START MATERIAL FOR THIS EXERCISE

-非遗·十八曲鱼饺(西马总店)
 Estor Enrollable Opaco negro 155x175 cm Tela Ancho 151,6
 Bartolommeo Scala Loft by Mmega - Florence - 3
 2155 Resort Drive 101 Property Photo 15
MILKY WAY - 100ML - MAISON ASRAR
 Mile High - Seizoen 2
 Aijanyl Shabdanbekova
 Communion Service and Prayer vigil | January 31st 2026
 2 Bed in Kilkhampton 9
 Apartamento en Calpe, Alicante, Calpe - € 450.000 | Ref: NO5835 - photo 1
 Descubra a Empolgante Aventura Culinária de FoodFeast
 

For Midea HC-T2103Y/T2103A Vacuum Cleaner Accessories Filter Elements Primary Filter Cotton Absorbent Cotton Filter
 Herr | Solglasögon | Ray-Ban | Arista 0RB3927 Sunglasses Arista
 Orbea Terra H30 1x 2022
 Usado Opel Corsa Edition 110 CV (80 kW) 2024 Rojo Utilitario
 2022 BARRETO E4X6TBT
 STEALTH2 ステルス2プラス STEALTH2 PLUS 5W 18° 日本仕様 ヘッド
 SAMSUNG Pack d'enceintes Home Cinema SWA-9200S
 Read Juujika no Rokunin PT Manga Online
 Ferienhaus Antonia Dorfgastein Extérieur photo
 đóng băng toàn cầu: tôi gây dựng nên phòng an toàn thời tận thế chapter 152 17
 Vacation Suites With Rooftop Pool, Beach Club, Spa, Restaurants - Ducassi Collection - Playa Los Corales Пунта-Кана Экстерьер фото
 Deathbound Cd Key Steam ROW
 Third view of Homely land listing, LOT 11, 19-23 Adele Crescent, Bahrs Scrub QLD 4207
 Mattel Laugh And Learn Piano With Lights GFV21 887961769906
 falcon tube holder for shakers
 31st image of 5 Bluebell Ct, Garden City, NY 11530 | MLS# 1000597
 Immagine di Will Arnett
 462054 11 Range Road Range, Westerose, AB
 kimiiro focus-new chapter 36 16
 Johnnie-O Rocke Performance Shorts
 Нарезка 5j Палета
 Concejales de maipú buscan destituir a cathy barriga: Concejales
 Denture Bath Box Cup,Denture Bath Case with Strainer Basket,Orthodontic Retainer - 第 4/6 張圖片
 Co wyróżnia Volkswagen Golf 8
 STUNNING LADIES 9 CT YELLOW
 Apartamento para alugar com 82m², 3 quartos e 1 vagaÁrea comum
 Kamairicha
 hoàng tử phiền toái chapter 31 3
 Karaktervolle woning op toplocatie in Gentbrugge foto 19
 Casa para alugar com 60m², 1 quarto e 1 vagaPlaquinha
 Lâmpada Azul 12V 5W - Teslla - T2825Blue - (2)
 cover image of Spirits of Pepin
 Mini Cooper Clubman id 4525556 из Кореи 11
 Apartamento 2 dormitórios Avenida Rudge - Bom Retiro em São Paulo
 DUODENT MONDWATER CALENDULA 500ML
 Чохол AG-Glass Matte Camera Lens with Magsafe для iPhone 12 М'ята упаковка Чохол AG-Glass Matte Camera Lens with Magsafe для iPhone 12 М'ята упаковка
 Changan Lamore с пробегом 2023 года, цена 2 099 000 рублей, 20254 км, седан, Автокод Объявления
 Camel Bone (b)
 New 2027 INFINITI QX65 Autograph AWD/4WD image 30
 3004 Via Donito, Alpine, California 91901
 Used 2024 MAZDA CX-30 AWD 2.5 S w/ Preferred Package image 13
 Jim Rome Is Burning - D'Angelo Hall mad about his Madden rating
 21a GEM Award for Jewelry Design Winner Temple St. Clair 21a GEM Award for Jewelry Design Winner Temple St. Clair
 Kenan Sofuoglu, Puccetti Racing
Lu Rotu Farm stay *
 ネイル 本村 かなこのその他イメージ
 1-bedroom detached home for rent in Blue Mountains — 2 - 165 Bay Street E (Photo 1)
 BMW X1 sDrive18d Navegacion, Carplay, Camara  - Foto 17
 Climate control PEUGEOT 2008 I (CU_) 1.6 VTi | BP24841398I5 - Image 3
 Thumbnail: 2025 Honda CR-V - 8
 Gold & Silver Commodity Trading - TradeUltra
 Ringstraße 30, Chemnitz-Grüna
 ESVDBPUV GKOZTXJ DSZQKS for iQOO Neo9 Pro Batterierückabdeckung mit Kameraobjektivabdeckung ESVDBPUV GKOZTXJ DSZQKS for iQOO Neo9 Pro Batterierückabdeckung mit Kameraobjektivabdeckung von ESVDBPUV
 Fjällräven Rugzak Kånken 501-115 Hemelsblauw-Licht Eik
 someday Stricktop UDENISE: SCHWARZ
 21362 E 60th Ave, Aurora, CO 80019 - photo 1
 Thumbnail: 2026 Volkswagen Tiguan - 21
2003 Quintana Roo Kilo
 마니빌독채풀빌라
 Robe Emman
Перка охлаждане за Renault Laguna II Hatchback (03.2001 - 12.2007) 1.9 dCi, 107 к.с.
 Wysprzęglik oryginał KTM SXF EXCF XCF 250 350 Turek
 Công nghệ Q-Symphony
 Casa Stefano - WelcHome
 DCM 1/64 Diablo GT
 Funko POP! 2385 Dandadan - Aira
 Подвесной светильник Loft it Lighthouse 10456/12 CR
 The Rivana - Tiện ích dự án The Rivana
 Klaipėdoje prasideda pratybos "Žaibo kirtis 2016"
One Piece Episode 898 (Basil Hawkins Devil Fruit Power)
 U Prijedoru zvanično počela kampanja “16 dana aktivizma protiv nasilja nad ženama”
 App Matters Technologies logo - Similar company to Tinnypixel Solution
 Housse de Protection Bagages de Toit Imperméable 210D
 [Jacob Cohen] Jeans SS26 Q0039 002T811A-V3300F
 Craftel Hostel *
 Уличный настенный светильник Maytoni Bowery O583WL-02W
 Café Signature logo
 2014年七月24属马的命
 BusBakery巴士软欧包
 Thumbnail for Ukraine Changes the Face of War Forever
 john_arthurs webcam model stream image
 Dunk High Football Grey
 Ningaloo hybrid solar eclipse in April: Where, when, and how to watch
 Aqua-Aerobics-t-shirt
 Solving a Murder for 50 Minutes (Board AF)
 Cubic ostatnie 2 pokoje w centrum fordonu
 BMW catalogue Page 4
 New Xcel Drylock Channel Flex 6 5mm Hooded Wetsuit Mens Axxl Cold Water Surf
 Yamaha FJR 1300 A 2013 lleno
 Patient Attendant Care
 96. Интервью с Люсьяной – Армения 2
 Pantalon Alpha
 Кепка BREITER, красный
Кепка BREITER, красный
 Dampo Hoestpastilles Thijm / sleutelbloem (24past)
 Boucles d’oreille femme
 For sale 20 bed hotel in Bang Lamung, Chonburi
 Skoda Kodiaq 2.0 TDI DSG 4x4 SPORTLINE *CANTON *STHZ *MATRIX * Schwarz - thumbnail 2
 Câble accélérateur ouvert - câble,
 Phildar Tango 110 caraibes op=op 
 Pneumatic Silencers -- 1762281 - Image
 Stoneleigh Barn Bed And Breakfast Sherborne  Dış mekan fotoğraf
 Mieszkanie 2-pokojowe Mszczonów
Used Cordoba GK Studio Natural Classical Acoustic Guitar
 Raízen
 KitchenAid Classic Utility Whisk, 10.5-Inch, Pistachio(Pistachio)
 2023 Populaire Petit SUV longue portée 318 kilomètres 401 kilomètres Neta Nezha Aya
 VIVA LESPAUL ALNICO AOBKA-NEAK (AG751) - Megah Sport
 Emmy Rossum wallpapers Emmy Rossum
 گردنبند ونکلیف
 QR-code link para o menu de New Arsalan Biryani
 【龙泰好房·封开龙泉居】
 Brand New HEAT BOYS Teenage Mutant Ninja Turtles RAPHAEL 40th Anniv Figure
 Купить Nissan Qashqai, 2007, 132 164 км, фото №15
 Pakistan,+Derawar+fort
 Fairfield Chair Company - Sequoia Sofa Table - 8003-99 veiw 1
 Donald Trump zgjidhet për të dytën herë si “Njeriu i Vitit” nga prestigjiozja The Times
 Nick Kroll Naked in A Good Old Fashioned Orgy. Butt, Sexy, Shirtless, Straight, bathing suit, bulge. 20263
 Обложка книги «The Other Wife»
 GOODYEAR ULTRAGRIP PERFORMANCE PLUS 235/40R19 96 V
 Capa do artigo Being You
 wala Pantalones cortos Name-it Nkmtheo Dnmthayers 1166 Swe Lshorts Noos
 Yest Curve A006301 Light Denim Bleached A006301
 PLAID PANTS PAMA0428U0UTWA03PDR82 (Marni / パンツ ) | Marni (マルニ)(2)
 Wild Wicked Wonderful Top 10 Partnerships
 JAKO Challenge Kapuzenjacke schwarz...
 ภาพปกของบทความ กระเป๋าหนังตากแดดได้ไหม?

END MATERIAL FOR THIS EXERCISE

• _EXERCISE PROMPT_: Write down every line of the data above that includes the string "chapter".

• _SOLUTION FOR THIS TASK_:
 đóng băng toàn cầu: tôi gây dựng nên phòng an toàn thời tận thế chapter 152 17
 kimiiro focus-new chapter 36 16
 hoàng tử phiền toái chapter 31 3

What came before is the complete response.